| DATA EXTRACT |
────────────────────
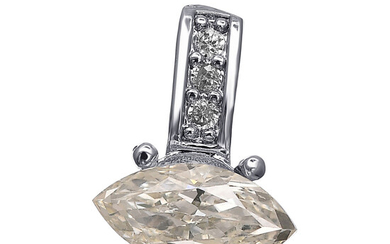 1.04ct Diamonds and gold pendant - center stone is...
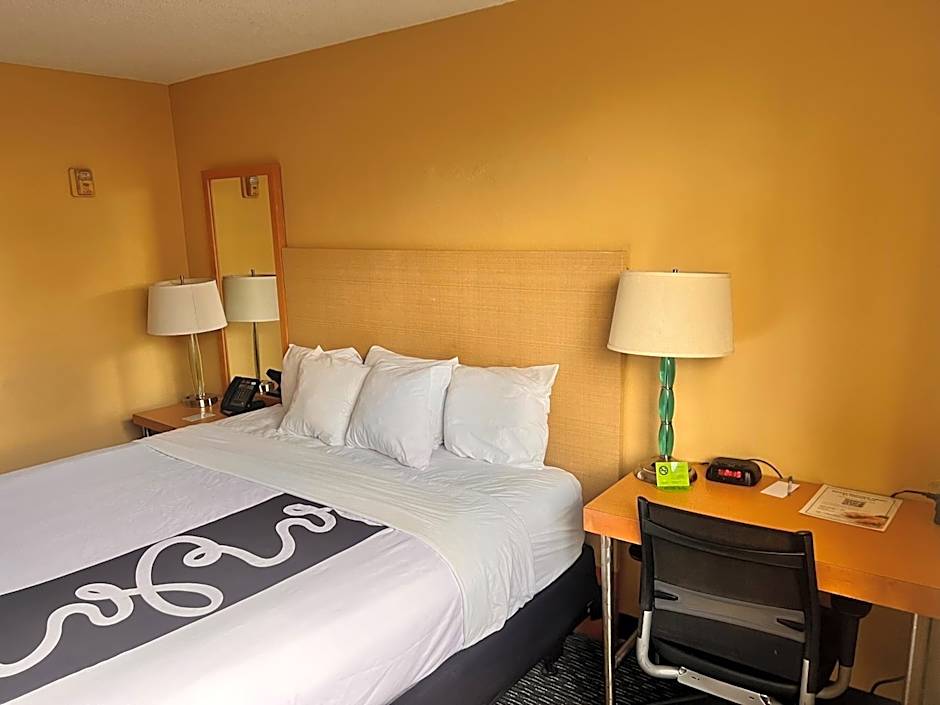 La Quinta Inn & Suites by Wyndham West Palm Beach Airport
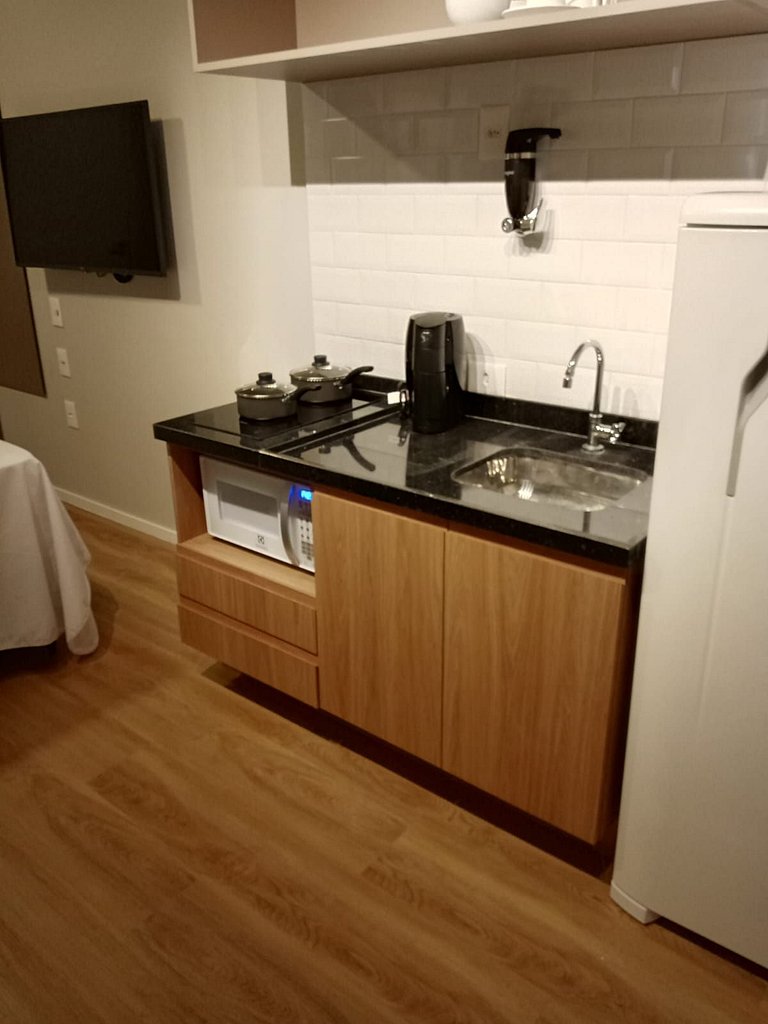 ID2002 - Moderno c/ ar‑condicionado no Paraíso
────────────────────
| WHAT THE TASK ASKS |
When a line carries an image, skip the image and repeat everything else above exactly as written.

| ANSWER SPACE |
 1.04ct Diamonds and gold pendant - center stone is...
 La Quinta Inn & Suites by Wyndham West Palm Beach Airport
 ID2002 - Moderno c/ ar‑condicionado no Paraíso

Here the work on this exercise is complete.